**Information supplied:**
• • • •
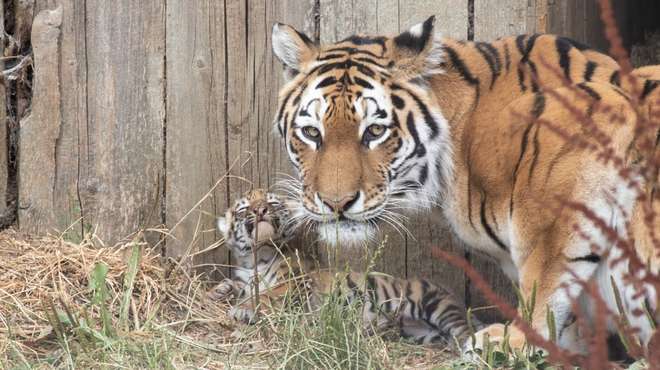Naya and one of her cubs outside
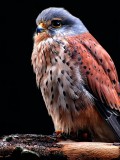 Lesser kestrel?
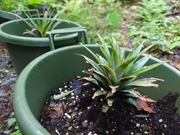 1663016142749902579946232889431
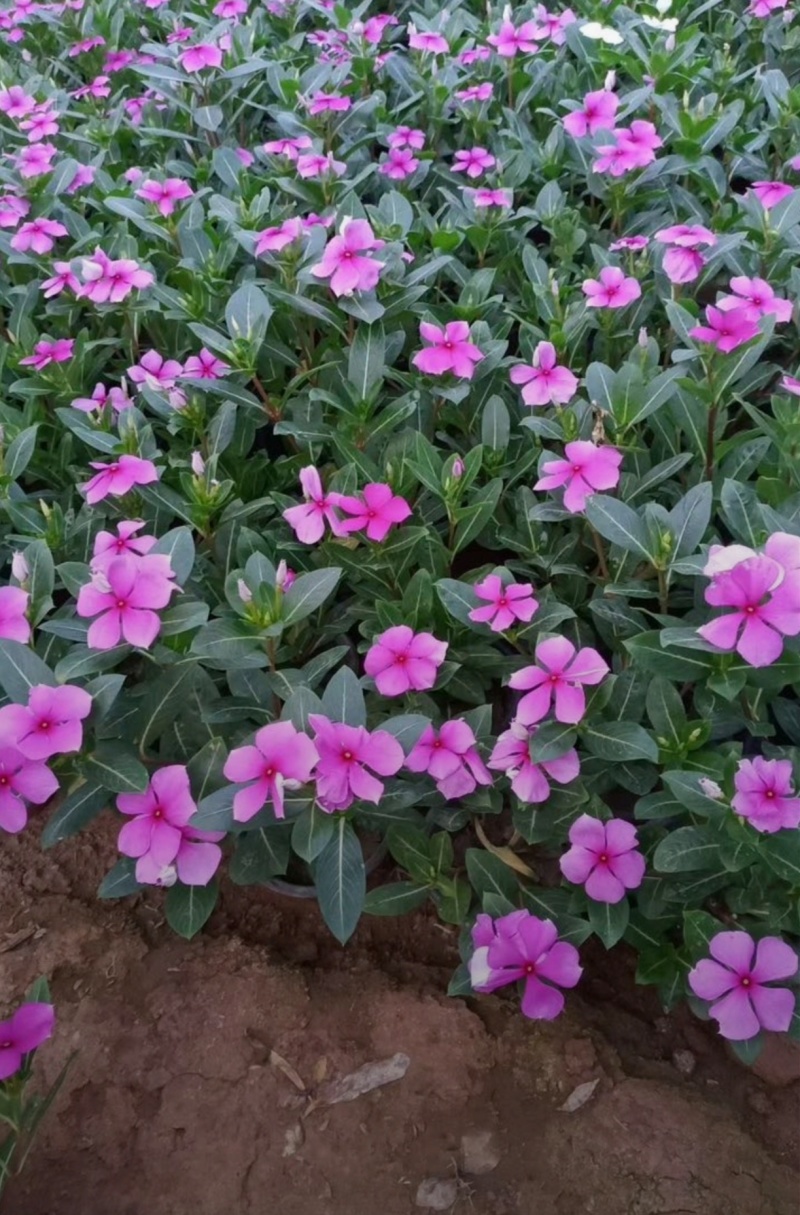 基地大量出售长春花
• • • •
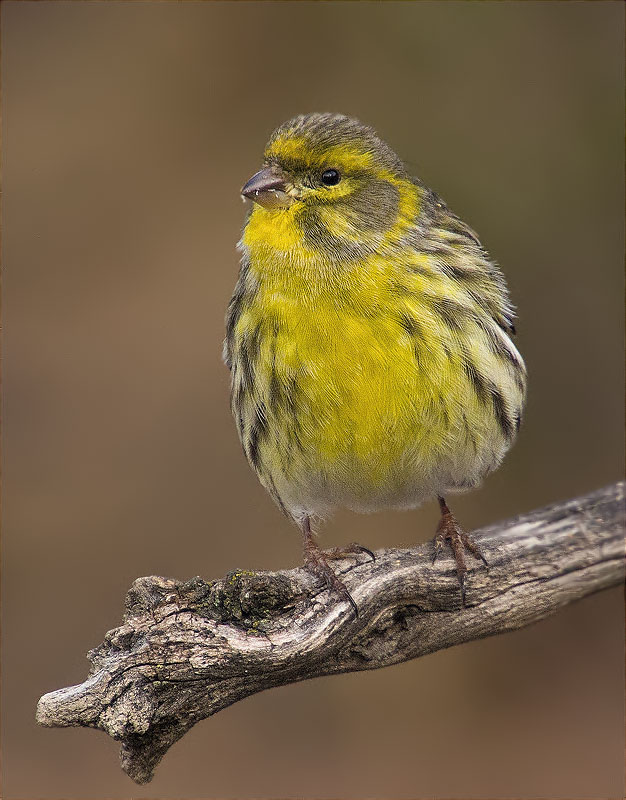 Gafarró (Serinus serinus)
• • • •
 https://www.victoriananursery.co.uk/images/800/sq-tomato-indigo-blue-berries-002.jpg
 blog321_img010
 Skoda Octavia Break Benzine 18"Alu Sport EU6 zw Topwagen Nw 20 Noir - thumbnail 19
• • • •
Your answer should be the lines of the listing above between the line holding "blog321_img010" and the line holding "Skoda Octavia Break", inclusive, restated word for word and alone.

 blog321_img010
 Skoda Octavia Break Benzine 18"Alu Sport EU6 zw Topwagen Nw 20 Noir - thumbnail 19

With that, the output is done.